The extent of poverty and social exclusion in Australia is measured using data from the Household, Income and Labour Dynamics in Australia (HILDA) Survey. For each individual, the authors construct a measure of social exclusion that recognises its multidimensionality, including its potential variability in depth at a point in time and in persistence over time. They distinguish seven dimensions or domains: material resources; employment; education and skills; health and disability; social; community; and personal safety. For each of these seven domains, several indicators of social exclusion are produced. A simple ‘sum-score’ method is then used to estimate the extent or depth of exclusion, with a measure a function of both the number of domains in which exclusion is experienced and the number of indicators of exclusion present within each domain.

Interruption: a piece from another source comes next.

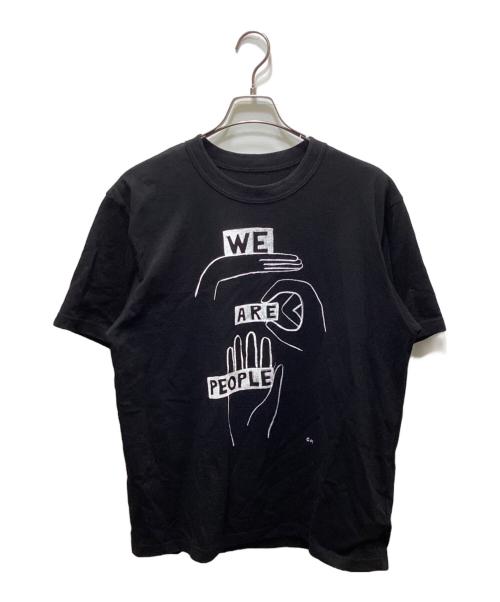 sacai（サカイ）sacai (サカイ) 26SS geoff sacai Print T-Shirt（ジェフ サカイ プリント ティーシャツ）26-01124S / Geoff McFetridge(ジェフ・マクフェトリッジ)コラボ ブラック サイズ:4の古着・服飾アイテム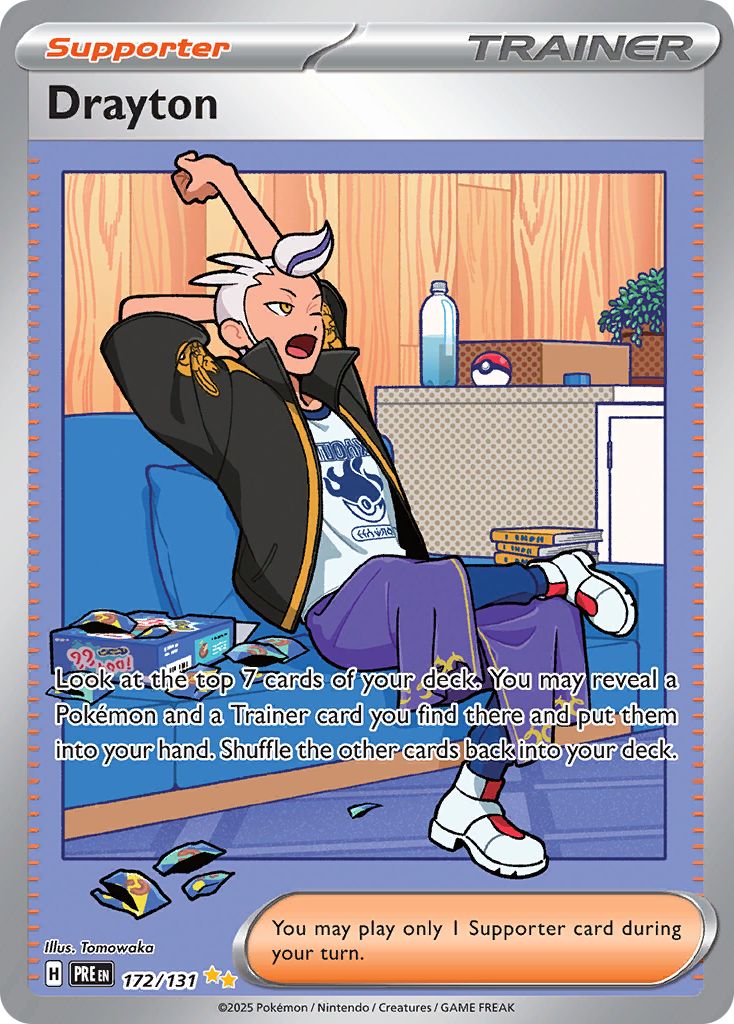 Drayton Pokémon card.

Sensitivity of findings to alternative weighting regimes for the indicators and to alternative methods, proposed by Capellari and Jenkins (2007), is examined. Persistence of exclusion is also briefly considered. The exclusion measure identifies 20 to 30 per cent of the Australian population aged 15 years and over as experiencing ‘marginal exclusion’ at any given point in time. Four to six per cent are ‘deeply excluded’, and less than one per cent are ‘very deeply excluded’.
The authors find that, although there are commonalities in the demographic composition of the socially excluded and the income poor, there are also some important differences. For example, persons 65 years and over represent a much smaller share of the most ‘excluded’ group than they do of the ‘poorest’; and couple and single families with children represent a larger share of the excluded than they do of the poor.